Ya en Marometa, cuando los niños llegan, él entrega una bolsita a cada niño y les explica cómo hay que trabajar con barro, cuándo es bueno ponerle agua y cuándo no, cuándo es necesario apretar el barro fuerte y cuándo es bueno darle forma.
Dice José Martín que la intención es que los niños “tengan contacto con el barro, que lo toquen, lo siente y valoren lo que es la artesanía.”. Lo que más le gusta es que, cuando se trabaja en Marometa, “es como un mundo de sorpresas. Te quedas impresionado de las ideas que los niños plasman”.
Me cuenta que hace veinte y cuatro minutos antes un niño le entregó un elefante en barro: “me gustó mucho, realmente me gustó”.

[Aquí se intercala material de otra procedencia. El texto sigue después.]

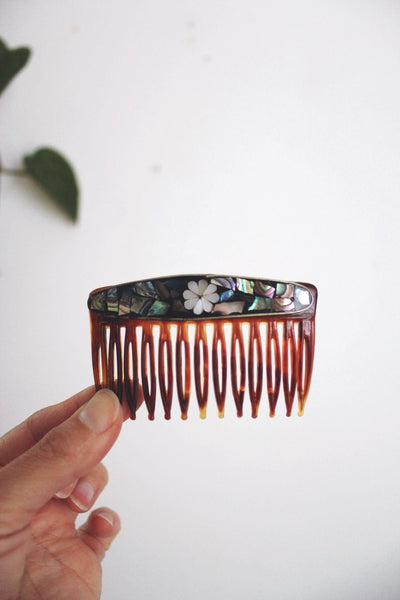 Vintage French Faux Tortoiseshell Side Hair Combs Abalone Mother-Of-Pearl Inlay Mosaic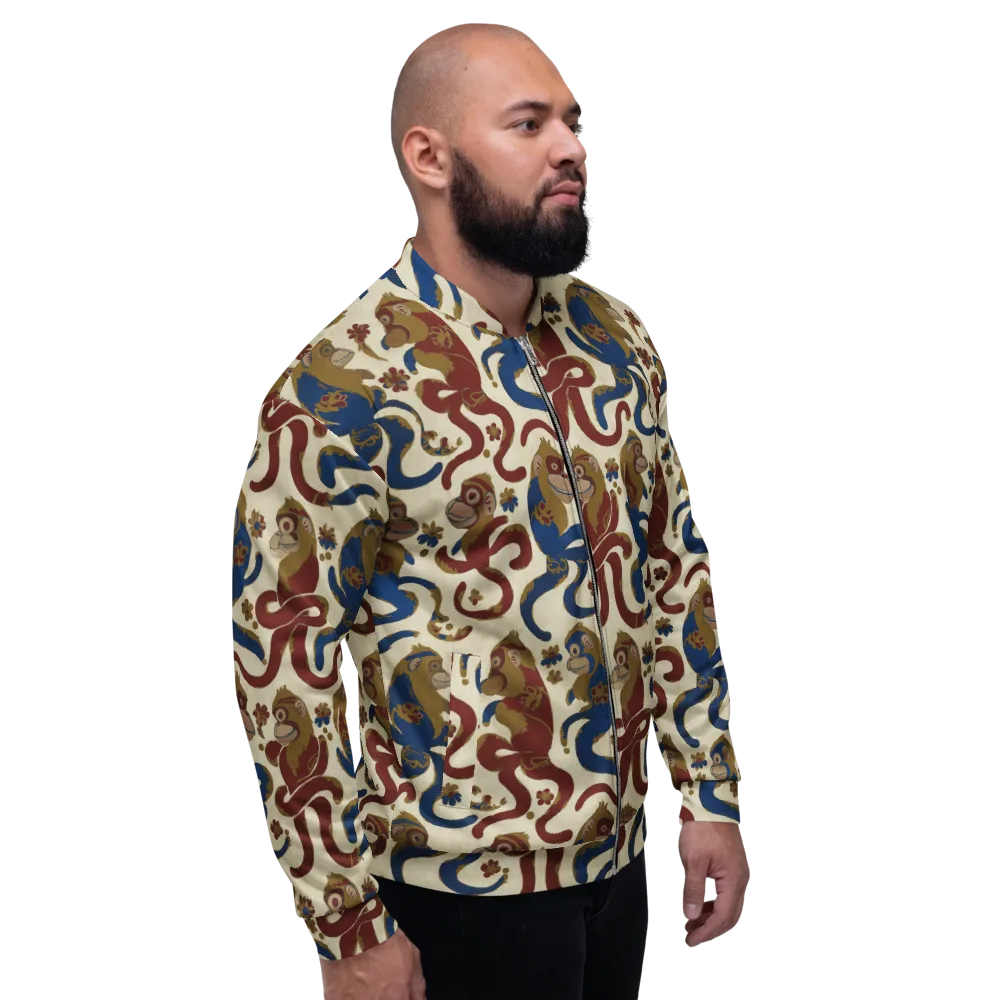 Carnival Macaque on Bomber Jacket — Right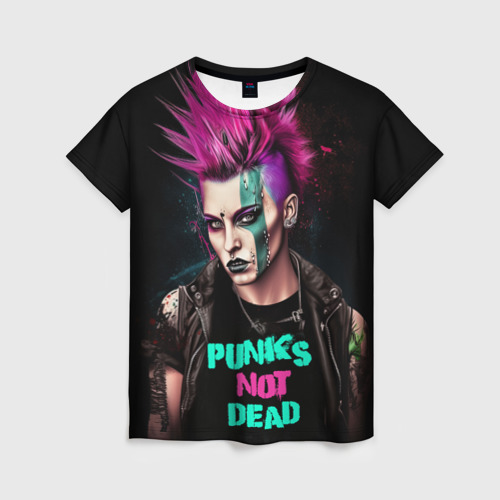 Женская футболка с принтом Девушка      панк, вид спереди №1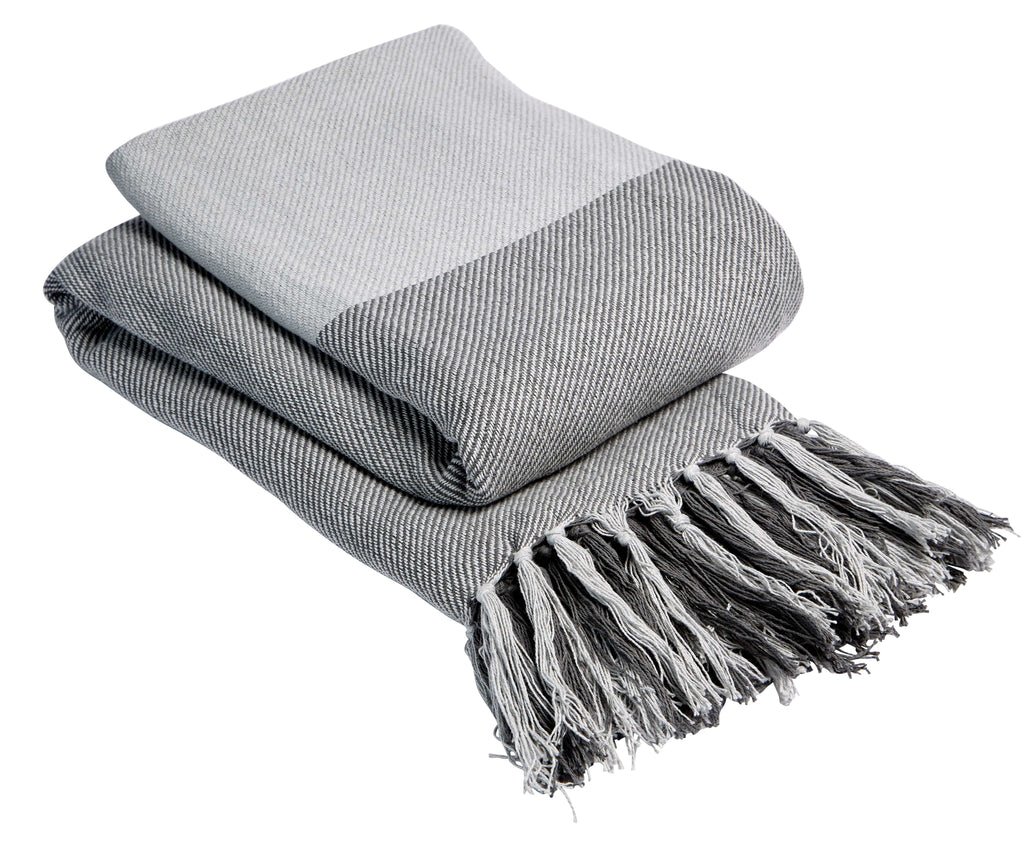 OLIVIA ROCCO Handwoven Large Check Pure Indian Cotton Throw Blanket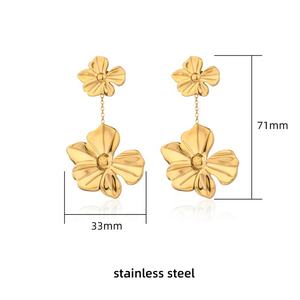 Aretes de Acero Inoxidable con Grabado de Logotipo Gratuito JUSTOP, Diseño de Flor de Cuatro Hojas, Chapados en Oro de 18K, Joyería de Moda Bohemia para Mujer, Regalo - Product Image 2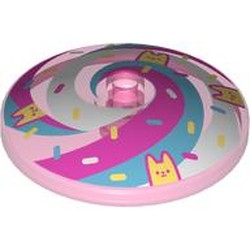 LEGO part 35394pr0009 Dish 4 x 4 Inverted with Bright Light Yellow Cats, Dark Pink/Medium Blue/White Swirls, Sprinkles print in Transparent Medium Reddish Violet/ Trans-Dark Pink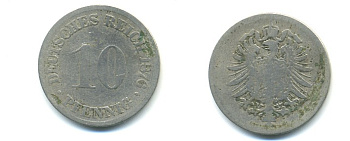 ГЕРМАНИЯ 10 ПФЕННИГОВ 1876 G, СТАРОГЕРБОВКА, KM 4, J. 4 медно-никель 4379-812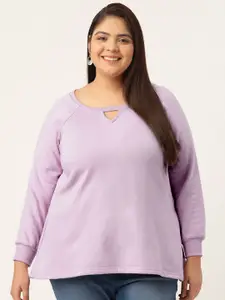 theRebelinme Women Plus Size Lavender Keyhole Neck Solid Top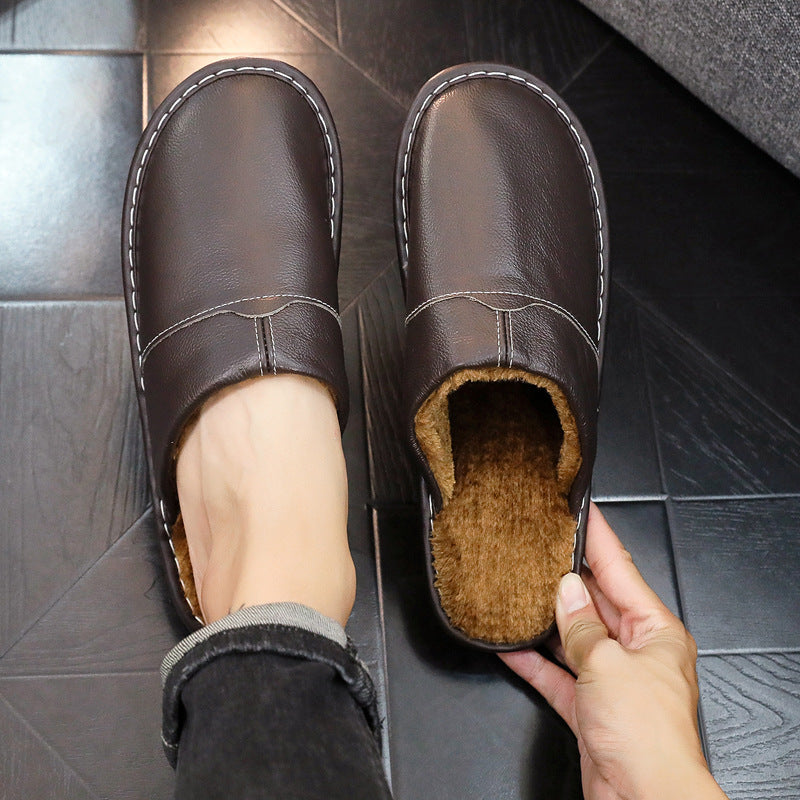 Auldweave warm wide fit leather slippers – dark brown slipper worn with matching pair held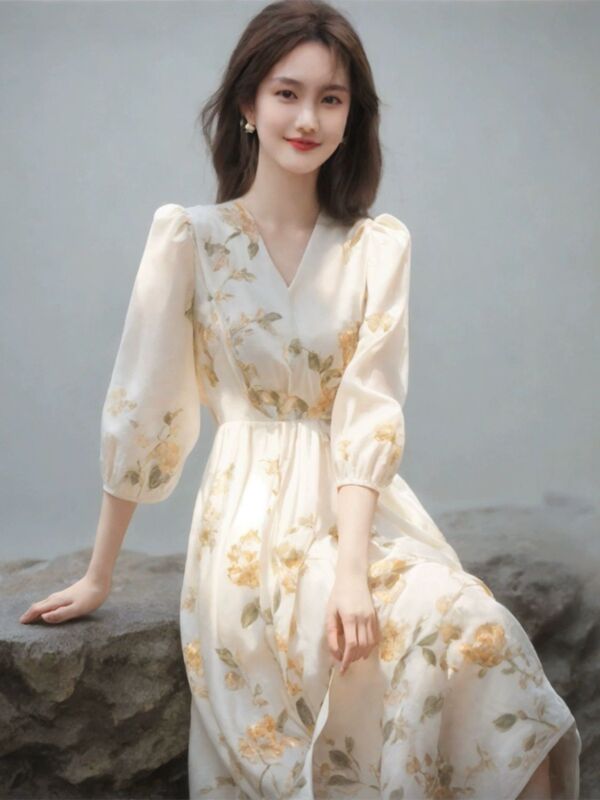 新中国式高級洗練されたフランス気質海辺のリゾート風雪紡織砕花ワンピース女装夏のロングスカート|undefined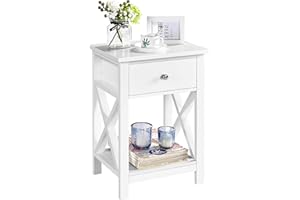 Yaheetech Bedside Table with 1 Drawer X Design Nightstand with Storage Shelf Wooden Cabinet Side Table Storage Unit for Bedroom/Living Room, 40x30x55cm, White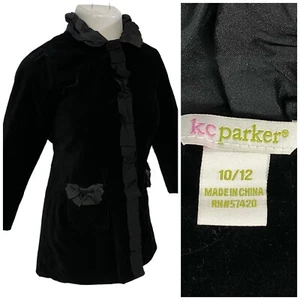 KC Parker Dress Coat Girls 10/12 Black Velvet Longline Party Church Formal - Picture 1 of 15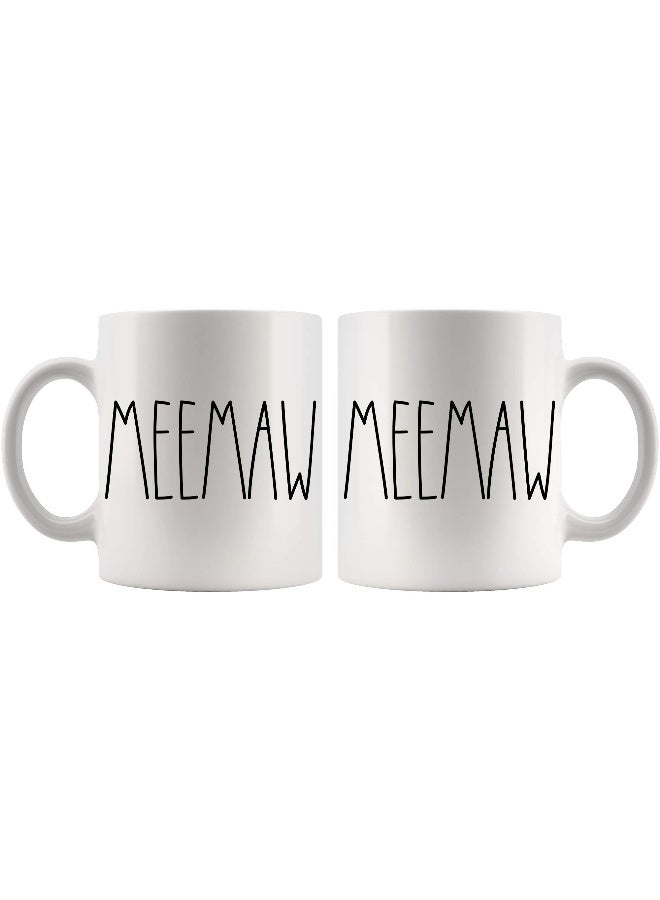 Moon9xx Meemaw Mug, Meemaw Mug Gifts for Christmas Coffee Mug, Birthday Gift, Family Coffee Mug For Birthday Present For The Best Meemaw Ever Coffee Cup 11oz, PHVPW4ARFW-11oz, White - Image 3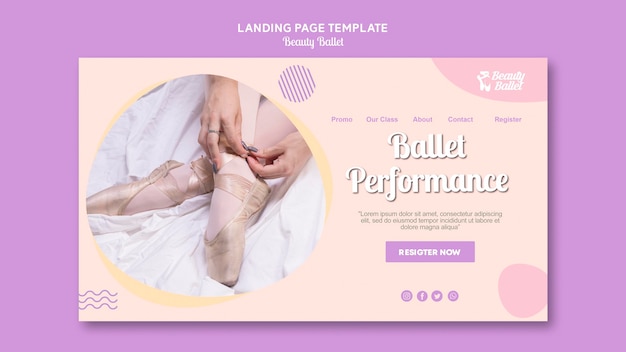 Free PSD ballet day banner template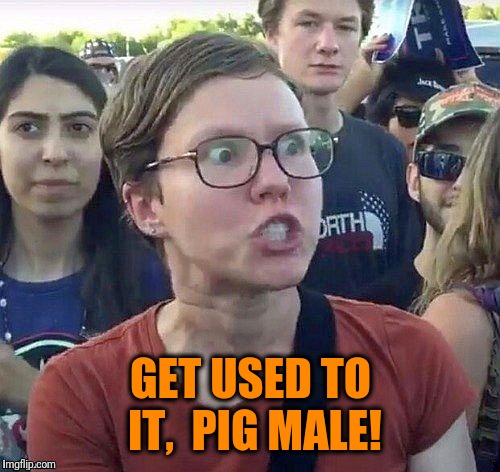 foggy | GET USED TO IT,  PIG MALE! | image tagged in triggered feminist | made w/ Imgflip meme maker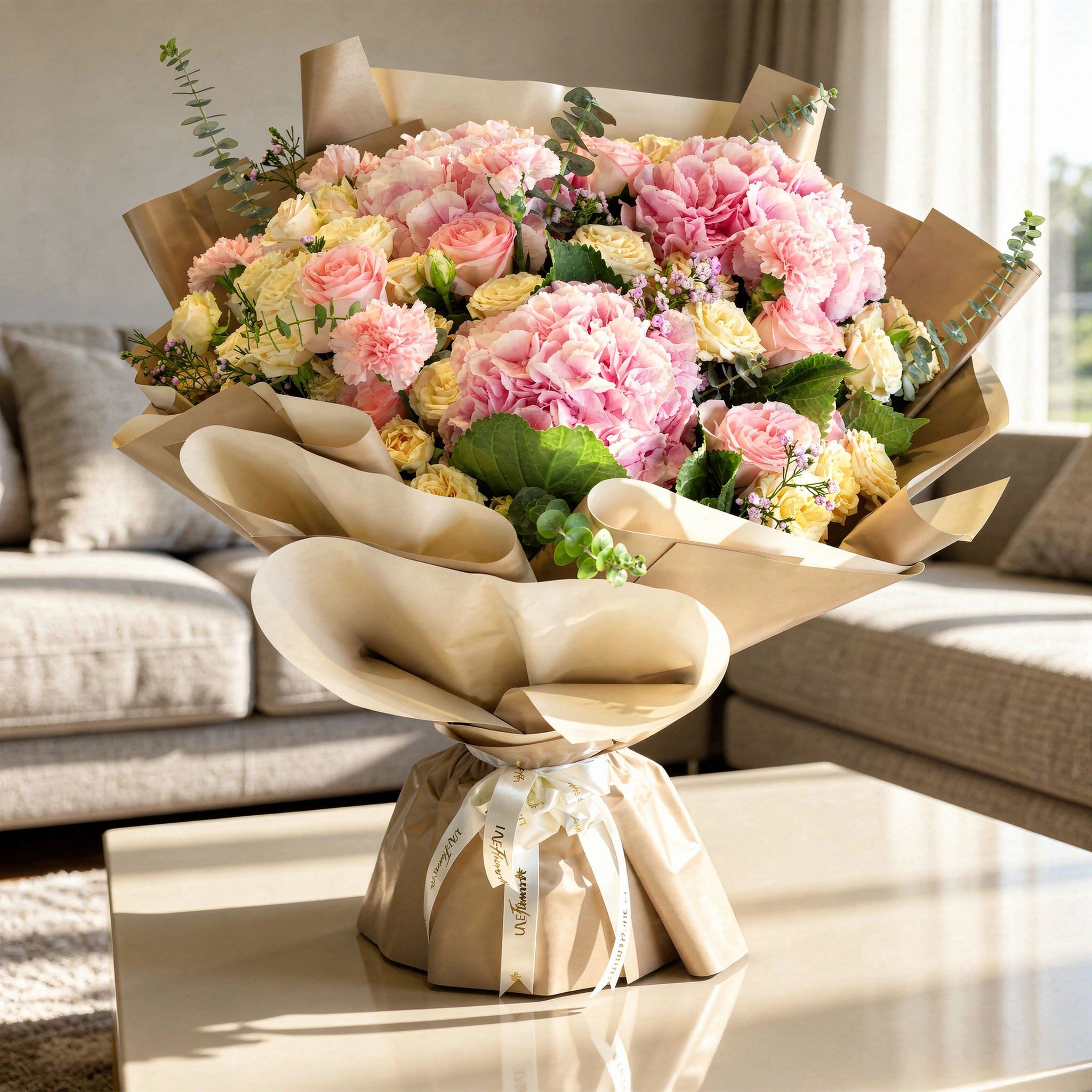 bouquet of 3 pink hydrangeas, 6 pink carnations, 6 pink roses, and 5 peach spray roses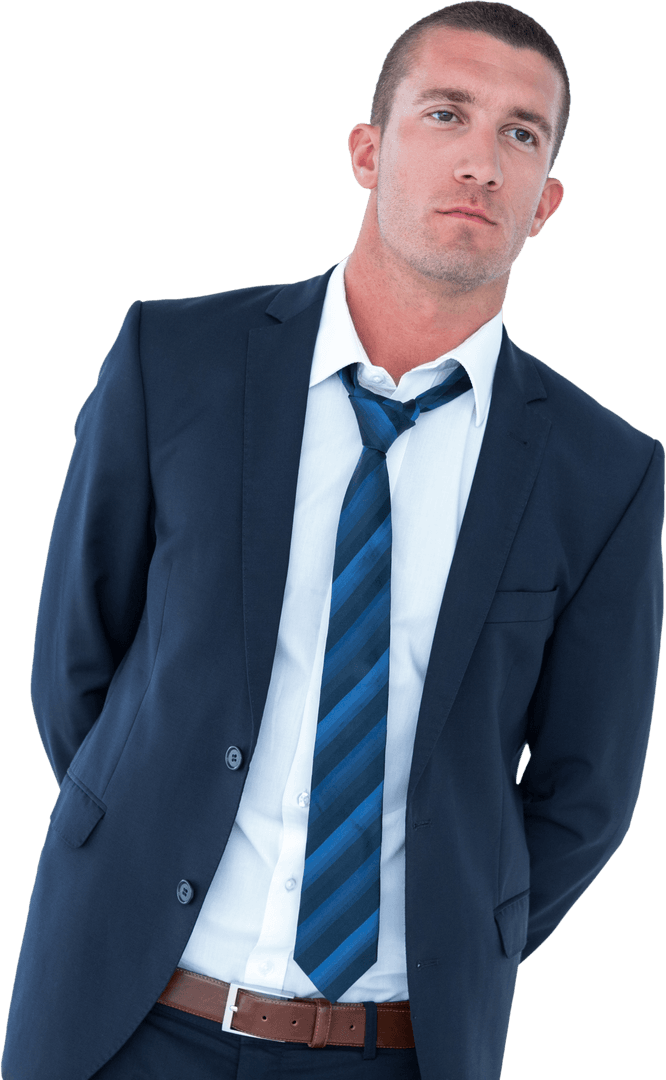 Transparent Businessman Contemplating Professional Goal in Suit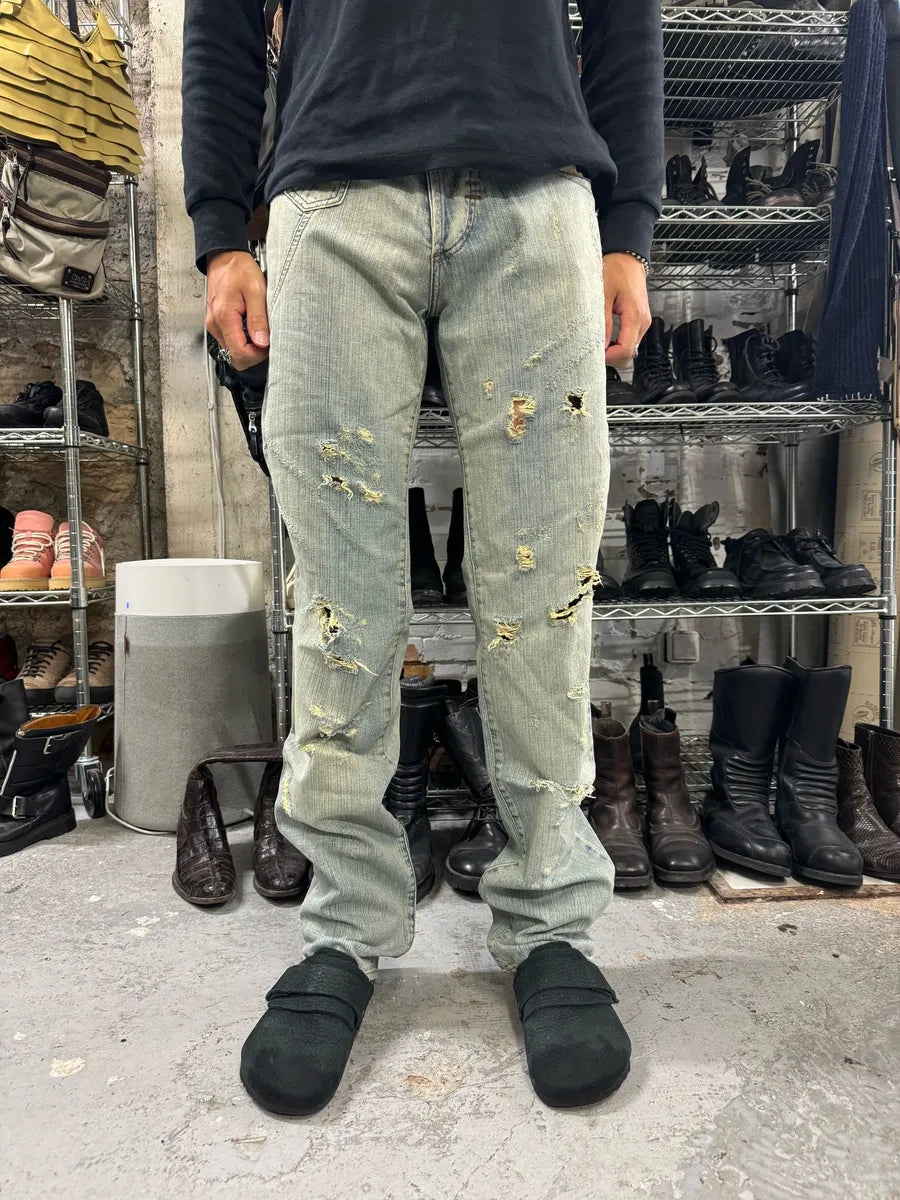 SS2006 Dolce & Gabbana Distressed Blue Denim Jeans qYmXptX 2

Camino y recorro Marometa. Y al finalizar mi recorrido, me queda claro que los niños enseñan. Y que nosotros, los adultos, debemos ser receptivos a esos maestros que hoy se bañan en la alberca, que colorean, que pintan, que forman figuras con barro, que brincan y brincan queriendo alcanzar el cielo. O como Lilus, que cuando “el sol entra [en su cuarto] sin avisar y da grandes latigazos en la almohada. Lilus quisiera poseer uno de esos rayos, torcerlo y dejarlo resbalar entre sus dedos. ¡Qué chistoso sería tener uñas de sol! En la noche podría leer a la luz de sus uñas, a la luz de las chispitas proyectadas por sus dedos”.